* **Problem to work on**: One part of the entries below is wanted: the lines from the one containing "Geedel Onion Cutter, 500" through the one containing "Women's Plaid Flannel". Write those out exactly and nothing else.

•••

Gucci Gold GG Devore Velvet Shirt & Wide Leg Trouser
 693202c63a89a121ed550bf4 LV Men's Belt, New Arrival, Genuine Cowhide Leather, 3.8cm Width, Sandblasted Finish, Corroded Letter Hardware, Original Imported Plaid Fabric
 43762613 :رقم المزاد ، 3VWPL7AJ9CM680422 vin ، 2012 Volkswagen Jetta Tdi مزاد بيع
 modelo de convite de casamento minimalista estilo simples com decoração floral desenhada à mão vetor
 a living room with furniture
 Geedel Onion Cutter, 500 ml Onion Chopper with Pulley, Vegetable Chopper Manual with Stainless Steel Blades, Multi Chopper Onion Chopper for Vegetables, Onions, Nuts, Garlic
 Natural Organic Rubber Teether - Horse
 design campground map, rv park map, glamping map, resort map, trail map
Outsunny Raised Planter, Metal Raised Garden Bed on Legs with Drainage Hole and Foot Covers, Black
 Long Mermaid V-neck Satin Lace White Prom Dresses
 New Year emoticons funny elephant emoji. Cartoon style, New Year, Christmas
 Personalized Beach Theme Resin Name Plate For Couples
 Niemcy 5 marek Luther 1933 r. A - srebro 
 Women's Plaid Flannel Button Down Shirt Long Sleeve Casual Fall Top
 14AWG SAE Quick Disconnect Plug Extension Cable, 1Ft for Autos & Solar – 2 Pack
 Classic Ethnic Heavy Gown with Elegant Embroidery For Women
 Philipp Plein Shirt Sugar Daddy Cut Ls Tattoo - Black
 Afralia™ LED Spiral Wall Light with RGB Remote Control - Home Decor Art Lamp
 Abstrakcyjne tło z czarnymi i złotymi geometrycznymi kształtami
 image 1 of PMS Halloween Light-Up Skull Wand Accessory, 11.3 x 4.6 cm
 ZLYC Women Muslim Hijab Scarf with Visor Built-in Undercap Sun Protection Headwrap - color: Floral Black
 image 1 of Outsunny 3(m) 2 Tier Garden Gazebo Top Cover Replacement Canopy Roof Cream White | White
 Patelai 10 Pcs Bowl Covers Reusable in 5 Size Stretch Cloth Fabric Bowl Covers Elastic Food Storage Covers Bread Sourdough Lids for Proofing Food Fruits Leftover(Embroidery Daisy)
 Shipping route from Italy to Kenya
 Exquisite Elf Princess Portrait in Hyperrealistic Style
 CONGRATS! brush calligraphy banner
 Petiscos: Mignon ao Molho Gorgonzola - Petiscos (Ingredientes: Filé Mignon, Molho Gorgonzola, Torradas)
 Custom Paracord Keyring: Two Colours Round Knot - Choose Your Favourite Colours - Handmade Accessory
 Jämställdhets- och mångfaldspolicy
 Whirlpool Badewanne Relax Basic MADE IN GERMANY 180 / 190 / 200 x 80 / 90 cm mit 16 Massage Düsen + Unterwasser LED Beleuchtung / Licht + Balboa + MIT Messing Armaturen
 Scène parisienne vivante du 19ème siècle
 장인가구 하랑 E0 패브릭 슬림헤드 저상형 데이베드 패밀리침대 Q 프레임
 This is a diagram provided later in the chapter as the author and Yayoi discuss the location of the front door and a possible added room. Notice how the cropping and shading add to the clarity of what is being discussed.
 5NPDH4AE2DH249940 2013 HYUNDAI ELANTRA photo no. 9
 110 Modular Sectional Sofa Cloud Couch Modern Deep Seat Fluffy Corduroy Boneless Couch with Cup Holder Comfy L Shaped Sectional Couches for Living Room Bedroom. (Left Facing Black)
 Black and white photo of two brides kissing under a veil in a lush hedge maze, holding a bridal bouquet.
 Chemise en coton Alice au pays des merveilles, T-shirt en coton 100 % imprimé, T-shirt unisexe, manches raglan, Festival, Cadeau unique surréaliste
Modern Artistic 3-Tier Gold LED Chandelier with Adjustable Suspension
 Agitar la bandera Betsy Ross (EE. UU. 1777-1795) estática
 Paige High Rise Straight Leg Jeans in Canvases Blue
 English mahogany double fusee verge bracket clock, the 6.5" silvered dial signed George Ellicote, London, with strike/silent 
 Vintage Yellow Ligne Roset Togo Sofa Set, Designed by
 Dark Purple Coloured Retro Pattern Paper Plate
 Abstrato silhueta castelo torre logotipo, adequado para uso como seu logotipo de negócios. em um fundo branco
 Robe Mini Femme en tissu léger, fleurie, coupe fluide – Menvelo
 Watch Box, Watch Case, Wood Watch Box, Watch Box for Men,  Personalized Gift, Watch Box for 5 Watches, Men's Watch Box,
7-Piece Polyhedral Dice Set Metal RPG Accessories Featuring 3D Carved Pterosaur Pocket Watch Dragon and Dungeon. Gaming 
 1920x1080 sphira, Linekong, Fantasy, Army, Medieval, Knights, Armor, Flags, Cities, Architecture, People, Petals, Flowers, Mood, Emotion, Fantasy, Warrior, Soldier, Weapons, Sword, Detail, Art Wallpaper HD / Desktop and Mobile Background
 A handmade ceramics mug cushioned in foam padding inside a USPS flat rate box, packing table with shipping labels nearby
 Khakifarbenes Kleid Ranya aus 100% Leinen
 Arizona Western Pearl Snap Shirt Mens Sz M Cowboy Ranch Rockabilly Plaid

•••

* **Task response**:
 Geedel Onion Cutter, 500 ml Onion Chopper with Pulley, Vegetable Chopper Manual with Stainless Steel Blades, Multi Chopper Onion Chopper for Vegetables, Onions, Nuts, Garlic
 Natural Organic Rubber Teether - Horse
 design campground map, rv park map, glamping map, resort map, trail map
Outsunny Raised Planter, Metal Raised Garden Bed on Legs with Drainage Hole and Foot Covers, Black
 Long Mermaid V-neck Satin Lace White Prom Dresses
 New Year emoticons funny elephant emoji. Cartoon style, New Year, Christmas
 Personalized Beach Theme Resin Name Plate For Couples
 Niemcy 5 marek Luther 1933 r. A - srebro 
 Women's Plaid Flannel Button Down Shirt Long Sleeve Casual Fall Top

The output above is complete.